We're studying Rene Descartes in my philosophy class right now. He's most famous for his thought "I think; therefore, I am," but what's even more interesting is how he got to the point where it made sense for him to say that.
At some point in his life, Descartes became aware of the fact that some of the things he thought he knew turned out not to be true. This caused him to doubt some other things he thought he was sure of, and he decided to (at least temporarily) forget everything he thought he knew and see if he could find anything he could know for certain, starting completely from scratch.
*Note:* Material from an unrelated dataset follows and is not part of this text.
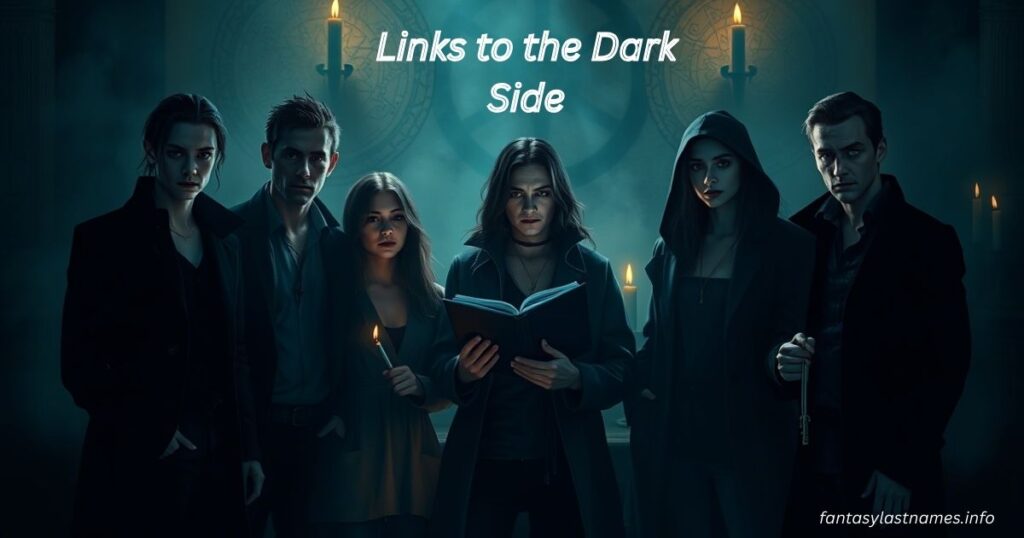 Links to the Dark Side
This was no easy task, given how thoroughly he discarded everything that could be doubted. He decided that he couldn't rely on religion or science or even his own senses for information that was completely beyond doubt. He believed that everything he had been told and everything he was perceiving could have been just a large collection of lies and illusions.
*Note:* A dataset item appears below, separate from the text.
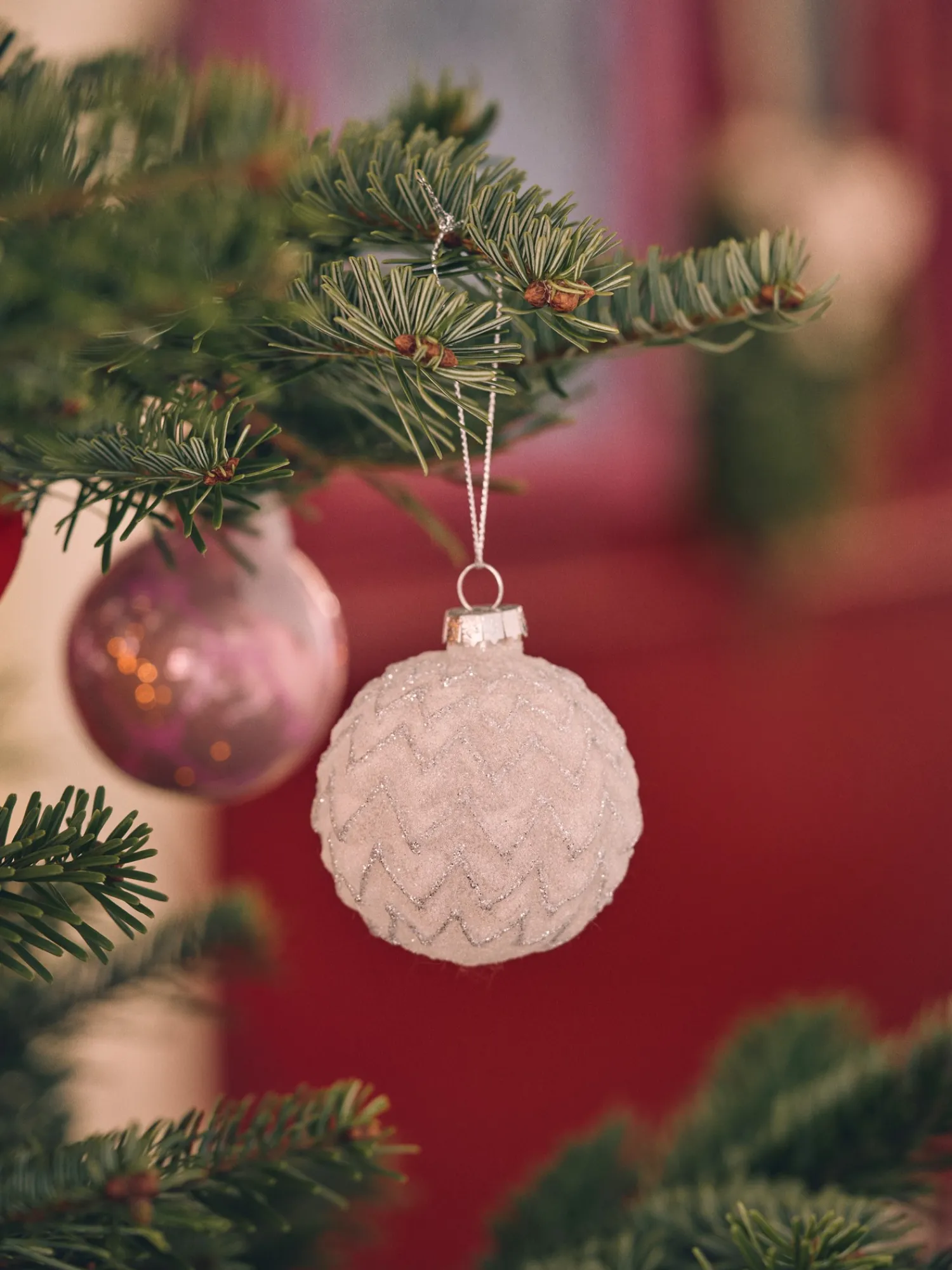 Søstrene Grene Julekugler|JuletræsPynt^Julekugle Ø7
He even questioned his own existence at one point, but he figured that if he was having all of these doubts, he must exist, because if he didn't exist, he wouldn't be able to think. Hence, ironically, his many doubts led to his first certainty: "I think; therefore, I am."
Now, I kind of get where Descartes was coming from with regards to his many doubts. Our professor opened the class by asking "How do we know that we are not dreaming right now?" and my answer is that we don't. Our senses could be deceiving us. We could all be brains in jars, receiving fabricated stimuli from a network of fraudulent machines, all designed to trick us into thinking that we're not brains in jars. Why anyone would set up such a system, I have no idea, but it would be difficult, if not impossible, to prove that we're not trapped in such a trick.
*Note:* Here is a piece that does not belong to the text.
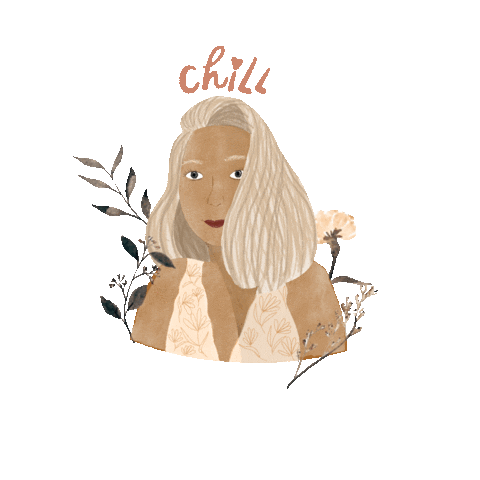Girl Sticker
Hence, the need for faith. We may not know that the world is real any more than we know (really know) that God exists. Of course, we have seen signs and felt impressions, but those signs and impressions could, theoretically, have been falsified. It's entirely possible that we are all brains in jars right now and that it doesn't matter what we "do" in this simulation we're trapped in because nothing about this existence is real.
But we have faith that it is real and that it all does matter. We may not be able to prove that we actually have real bodies and that we actually live on a real Earth, but we have faith that we do. We trust God and our own senses enough to be confident that what we see and hear and feel in our hearts is real and that what we do on this Earth, because we trust that we are really doing things on a real Earth, will have eternal significance. We have faith that this all matters, even if we can't actually prove that any of it even exists.